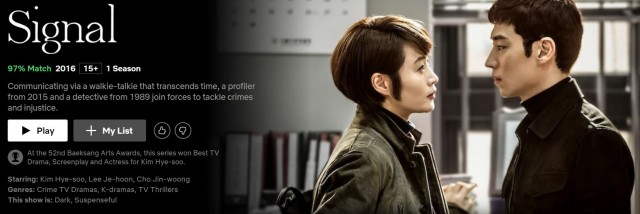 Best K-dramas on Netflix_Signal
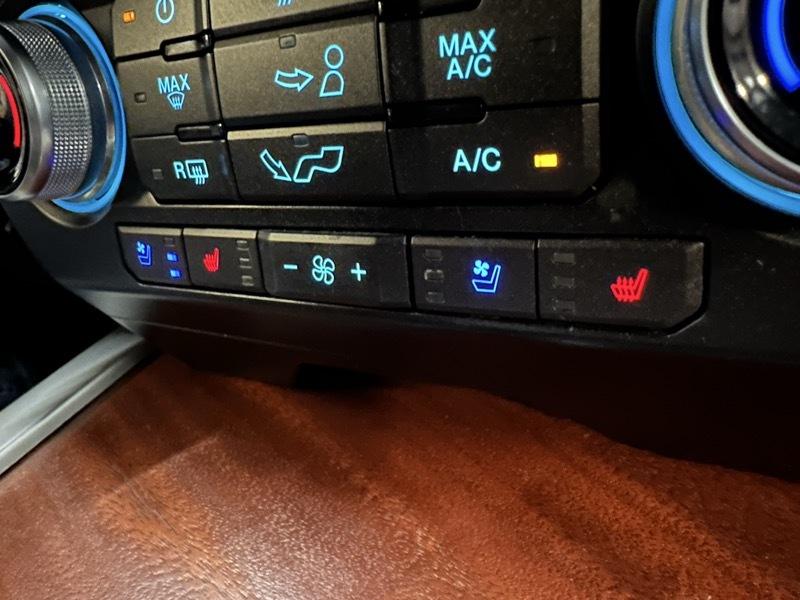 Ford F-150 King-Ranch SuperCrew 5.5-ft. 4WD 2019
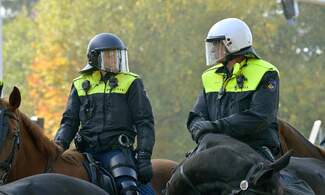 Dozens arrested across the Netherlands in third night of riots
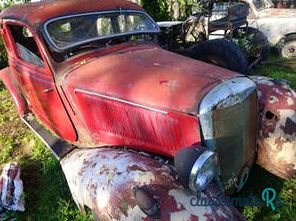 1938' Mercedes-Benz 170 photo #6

================

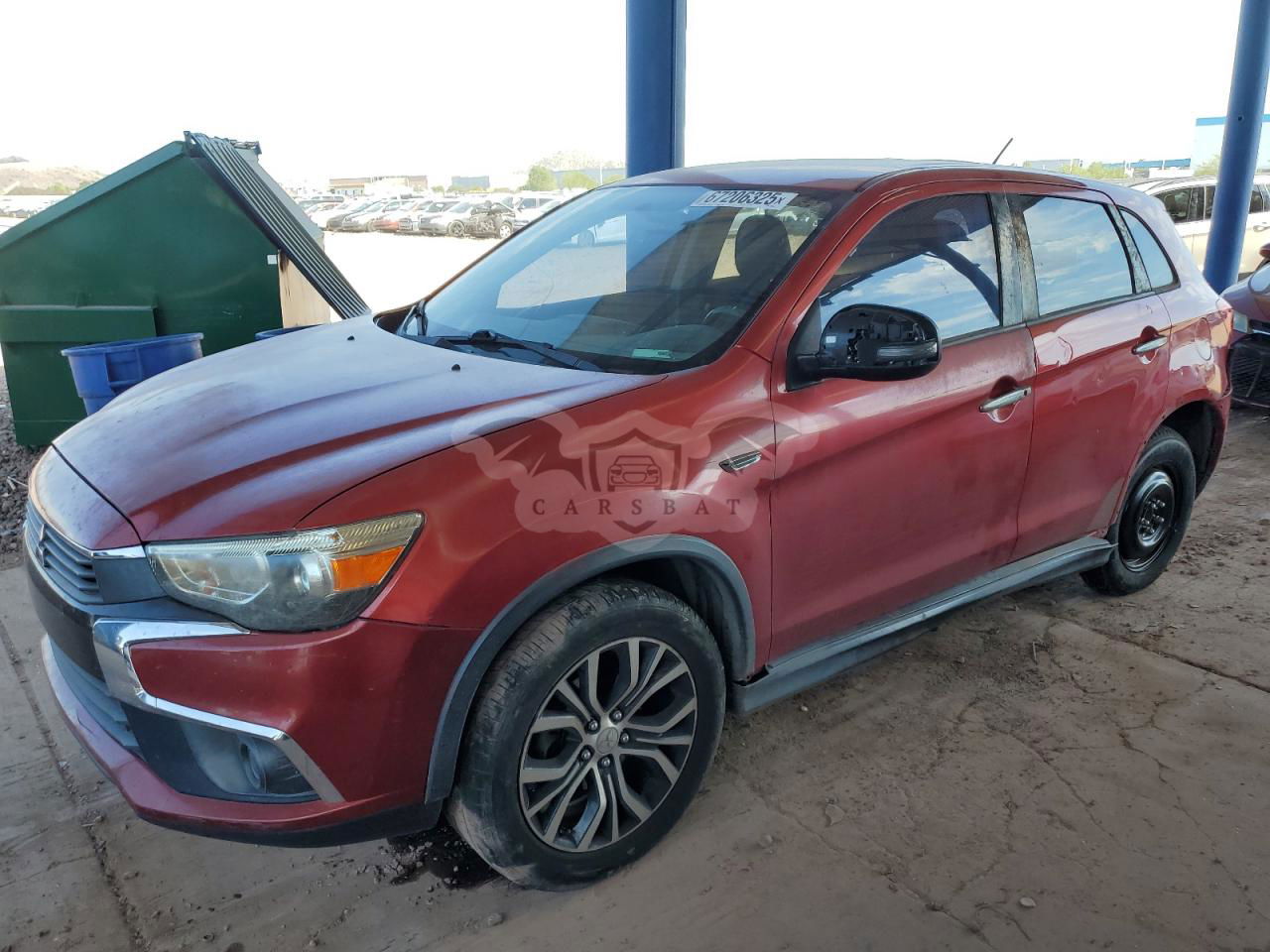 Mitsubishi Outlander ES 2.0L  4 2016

================

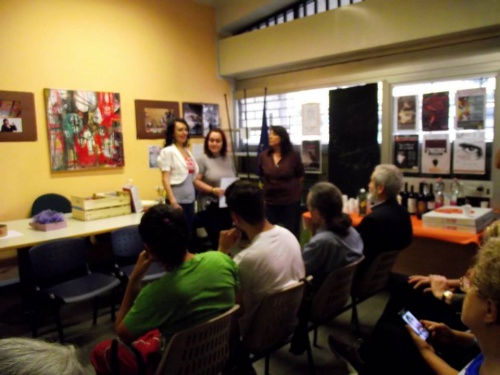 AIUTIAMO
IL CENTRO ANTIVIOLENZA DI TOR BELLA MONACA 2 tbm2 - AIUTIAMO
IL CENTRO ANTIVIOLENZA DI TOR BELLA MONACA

================

:: Problem statement ::
Look through the entries above, find each line containing "CENTRO", and copy it.

:: Reply to the exercise ::
IL CENTRO ANTIVIOLENZA DI TOR BELLA MONACA 2 tbm2 - AIUTIAMO
IL CENTRO ANTIVIOLENZA DI TOR BELLA MONACA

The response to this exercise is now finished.